**Description of the task:**
Reproduce, please, only the lines from the first line below to the line containing "балкон в скандинавском стиле на Новый год балкон", inclusive.
=== Data extracts ===
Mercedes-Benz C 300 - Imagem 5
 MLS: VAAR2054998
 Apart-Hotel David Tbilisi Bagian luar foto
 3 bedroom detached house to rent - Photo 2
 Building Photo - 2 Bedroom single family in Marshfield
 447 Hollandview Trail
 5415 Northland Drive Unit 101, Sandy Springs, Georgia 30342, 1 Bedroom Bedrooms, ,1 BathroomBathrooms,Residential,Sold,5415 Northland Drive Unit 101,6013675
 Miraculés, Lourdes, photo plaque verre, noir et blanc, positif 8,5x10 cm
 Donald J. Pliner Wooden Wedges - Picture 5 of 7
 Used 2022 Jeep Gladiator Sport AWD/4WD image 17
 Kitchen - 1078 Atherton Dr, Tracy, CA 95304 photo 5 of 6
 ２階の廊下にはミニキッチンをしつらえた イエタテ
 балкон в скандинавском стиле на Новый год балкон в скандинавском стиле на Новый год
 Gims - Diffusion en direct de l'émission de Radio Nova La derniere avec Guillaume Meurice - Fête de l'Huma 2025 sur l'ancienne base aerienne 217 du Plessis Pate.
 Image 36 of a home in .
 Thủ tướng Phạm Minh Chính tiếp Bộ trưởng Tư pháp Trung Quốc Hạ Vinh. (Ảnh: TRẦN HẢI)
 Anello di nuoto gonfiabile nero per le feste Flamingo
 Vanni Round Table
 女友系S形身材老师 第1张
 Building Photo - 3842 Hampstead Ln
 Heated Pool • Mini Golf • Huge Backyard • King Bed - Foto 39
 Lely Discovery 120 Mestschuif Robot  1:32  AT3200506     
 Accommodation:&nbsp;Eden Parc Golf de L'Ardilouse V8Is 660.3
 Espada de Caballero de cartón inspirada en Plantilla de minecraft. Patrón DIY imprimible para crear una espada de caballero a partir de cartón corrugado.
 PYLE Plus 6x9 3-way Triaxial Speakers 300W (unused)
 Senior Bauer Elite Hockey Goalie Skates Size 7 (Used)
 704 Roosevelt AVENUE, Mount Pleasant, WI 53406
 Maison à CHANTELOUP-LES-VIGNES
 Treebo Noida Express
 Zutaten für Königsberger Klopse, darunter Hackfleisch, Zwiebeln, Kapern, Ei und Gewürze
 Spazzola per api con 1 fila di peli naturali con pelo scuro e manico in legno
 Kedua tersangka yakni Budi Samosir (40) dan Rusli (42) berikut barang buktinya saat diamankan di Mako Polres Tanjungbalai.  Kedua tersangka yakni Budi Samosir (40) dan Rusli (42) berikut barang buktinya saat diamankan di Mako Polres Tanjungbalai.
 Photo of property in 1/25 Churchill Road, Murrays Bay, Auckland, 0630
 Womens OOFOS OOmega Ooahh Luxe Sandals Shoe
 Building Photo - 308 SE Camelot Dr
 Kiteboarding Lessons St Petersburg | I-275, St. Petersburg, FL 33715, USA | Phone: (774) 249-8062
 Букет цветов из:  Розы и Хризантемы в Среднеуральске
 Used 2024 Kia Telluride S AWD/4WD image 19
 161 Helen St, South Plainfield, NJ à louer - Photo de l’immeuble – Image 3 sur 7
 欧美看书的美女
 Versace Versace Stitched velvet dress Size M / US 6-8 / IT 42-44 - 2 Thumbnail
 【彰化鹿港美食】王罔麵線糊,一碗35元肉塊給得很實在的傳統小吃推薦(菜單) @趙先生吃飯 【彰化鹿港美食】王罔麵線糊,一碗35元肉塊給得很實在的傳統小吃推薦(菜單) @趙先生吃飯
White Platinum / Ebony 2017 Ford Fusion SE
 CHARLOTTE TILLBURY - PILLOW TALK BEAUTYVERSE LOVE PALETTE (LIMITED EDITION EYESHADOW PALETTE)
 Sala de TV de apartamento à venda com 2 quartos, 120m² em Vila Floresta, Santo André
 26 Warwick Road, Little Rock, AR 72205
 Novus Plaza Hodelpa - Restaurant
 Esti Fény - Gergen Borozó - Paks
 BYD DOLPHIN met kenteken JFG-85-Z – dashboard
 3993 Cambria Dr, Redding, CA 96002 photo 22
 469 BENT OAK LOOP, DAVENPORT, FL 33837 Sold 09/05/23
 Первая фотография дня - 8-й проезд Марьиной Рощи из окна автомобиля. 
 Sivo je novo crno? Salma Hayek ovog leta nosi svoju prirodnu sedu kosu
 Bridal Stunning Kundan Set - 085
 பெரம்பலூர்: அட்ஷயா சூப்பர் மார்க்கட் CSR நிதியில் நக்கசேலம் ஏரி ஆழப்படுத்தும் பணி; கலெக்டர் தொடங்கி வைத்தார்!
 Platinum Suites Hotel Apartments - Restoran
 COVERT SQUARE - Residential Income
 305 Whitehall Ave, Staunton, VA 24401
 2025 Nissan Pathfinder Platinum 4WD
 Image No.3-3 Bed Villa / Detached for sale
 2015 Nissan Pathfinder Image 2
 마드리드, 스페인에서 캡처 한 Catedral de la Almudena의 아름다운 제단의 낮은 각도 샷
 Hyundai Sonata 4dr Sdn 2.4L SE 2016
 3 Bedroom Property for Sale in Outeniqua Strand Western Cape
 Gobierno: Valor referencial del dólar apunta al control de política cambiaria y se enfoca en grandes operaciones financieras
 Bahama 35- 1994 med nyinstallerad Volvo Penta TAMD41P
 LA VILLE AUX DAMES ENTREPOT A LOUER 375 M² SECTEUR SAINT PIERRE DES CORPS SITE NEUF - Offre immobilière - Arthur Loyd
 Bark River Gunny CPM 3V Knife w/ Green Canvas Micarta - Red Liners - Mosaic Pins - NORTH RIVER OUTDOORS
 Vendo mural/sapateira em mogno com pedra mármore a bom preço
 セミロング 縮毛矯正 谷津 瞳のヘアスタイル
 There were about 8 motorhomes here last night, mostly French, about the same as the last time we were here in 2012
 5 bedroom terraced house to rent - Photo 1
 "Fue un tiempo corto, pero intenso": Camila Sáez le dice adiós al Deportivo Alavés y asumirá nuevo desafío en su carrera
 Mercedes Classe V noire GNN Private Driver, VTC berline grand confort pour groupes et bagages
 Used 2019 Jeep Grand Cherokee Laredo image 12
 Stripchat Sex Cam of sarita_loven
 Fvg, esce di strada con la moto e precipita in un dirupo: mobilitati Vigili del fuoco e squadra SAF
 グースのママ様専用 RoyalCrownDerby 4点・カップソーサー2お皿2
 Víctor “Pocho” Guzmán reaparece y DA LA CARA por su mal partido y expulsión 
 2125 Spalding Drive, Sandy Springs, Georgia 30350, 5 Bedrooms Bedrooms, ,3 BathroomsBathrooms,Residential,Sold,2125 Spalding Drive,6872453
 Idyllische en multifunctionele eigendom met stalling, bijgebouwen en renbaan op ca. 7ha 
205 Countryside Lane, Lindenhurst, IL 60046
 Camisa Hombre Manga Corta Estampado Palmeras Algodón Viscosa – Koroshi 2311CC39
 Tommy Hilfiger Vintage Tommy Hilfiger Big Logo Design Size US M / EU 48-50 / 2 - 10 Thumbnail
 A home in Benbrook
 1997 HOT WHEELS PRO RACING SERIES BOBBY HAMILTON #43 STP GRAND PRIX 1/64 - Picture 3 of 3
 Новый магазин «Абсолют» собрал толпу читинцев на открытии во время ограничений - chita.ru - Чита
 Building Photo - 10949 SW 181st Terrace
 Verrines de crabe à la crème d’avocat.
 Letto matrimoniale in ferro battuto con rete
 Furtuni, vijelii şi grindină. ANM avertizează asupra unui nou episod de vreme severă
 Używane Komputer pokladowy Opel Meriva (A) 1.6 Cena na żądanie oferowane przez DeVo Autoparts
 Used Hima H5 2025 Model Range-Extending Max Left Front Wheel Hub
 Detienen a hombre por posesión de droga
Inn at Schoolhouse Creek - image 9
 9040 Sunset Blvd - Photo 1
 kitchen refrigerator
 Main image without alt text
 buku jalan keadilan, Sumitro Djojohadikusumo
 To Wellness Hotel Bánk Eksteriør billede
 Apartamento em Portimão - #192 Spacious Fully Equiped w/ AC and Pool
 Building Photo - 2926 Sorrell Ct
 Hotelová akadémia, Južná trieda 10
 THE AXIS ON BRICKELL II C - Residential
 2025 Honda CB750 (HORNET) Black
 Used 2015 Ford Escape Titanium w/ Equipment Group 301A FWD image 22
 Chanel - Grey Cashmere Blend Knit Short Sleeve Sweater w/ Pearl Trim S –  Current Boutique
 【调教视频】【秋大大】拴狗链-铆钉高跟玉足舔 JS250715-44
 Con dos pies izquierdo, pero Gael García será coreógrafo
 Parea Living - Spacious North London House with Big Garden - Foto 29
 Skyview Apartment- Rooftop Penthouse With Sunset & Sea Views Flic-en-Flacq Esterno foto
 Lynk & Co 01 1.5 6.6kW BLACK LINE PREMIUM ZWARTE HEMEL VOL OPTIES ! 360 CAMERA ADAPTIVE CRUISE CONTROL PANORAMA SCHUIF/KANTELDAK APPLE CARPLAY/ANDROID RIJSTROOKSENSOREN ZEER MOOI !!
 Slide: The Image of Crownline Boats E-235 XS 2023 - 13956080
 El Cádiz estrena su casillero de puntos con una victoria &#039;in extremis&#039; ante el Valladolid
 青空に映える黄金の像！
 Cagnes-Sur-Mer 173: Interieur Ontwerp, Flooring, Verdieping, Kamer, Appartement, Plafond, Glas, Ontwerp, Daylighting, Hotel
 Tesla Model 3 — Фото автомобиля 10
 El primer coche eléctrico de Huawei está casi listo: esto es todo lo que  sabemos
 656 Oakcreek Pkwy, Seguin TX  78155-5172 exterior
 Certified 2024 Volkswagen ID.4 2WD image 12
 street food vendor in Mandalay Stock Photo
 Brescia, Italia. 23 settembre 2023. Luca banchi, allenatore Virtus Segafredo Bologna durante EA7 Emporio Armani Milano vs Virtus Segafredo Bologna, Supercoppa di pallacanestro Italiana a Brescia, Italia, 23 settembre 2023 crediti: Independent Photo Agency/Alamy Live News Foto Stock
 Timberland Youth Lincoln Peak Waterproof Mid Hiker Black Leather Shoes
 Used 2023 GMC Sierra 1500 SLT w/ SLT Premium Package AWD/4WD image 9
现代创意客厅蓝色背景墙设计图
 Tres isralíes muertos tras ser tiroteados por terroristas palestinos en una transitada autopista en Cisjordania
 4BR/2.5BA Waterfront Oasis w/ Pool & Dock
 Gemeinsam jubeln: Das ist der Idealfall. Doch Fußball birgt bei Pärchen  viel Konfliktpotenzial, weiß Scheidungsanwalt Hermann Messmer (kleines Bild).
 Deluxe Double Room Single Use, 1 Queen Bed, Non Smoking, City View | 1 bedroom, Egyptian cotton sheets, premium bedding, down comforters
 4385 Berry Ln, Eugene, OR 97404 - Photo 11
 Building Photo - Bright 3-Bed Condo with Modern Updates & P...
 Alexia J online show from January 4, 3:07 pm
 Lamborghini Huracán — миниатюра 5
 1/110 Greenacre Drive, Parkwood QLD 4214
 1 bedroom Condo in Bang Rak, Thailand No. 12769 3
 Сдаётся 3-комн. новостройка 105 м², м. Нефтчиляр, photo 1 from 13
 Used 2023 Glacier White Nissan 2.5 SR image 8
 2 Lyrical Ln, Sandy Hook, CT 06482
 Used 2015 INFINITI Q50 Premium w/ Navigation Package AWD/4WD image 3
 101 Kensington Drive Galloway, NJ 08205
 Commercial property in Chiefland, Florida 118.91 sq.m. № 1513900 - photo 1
===
**Solved problem:**
Mercedes-Benz C 300 - Imagem 5
 MLS: VAAR2054998
 Apart-Hotel David Tbilisi Bagian luar foto
 3 bedroom detached house to rent - Photo 2
 Building Photo - 2 Bedroom single family in Marshfield
 447 Hollandview Trail
 5415 Northland Drive Unit 101, Sandy Springs, Georgia 30342, 1 Bedroom Bedrooms, ,1 BathroomBathrooms,Residential,Sold,5415 Northland Drive Unit 101,6013675
 Miraculés, Lourdes, photo plaque verre, noir et blanc, positif 8,5x10 cm
 Donald J. Pliner Wooden Wedges - Picture 5 of 7
 Used 2022 Jeep Gladiator Sport AWD/4WD image 17
 Kitchen - 1078 Atherton Dr, Tracy, CA 95304 photo 5 of 6
 ２階の廊下にはミニキッチンをしつらえた イエタテ
 балкон в скандинавском стиле на Новый год балкон в скандинавском стиле на Новый год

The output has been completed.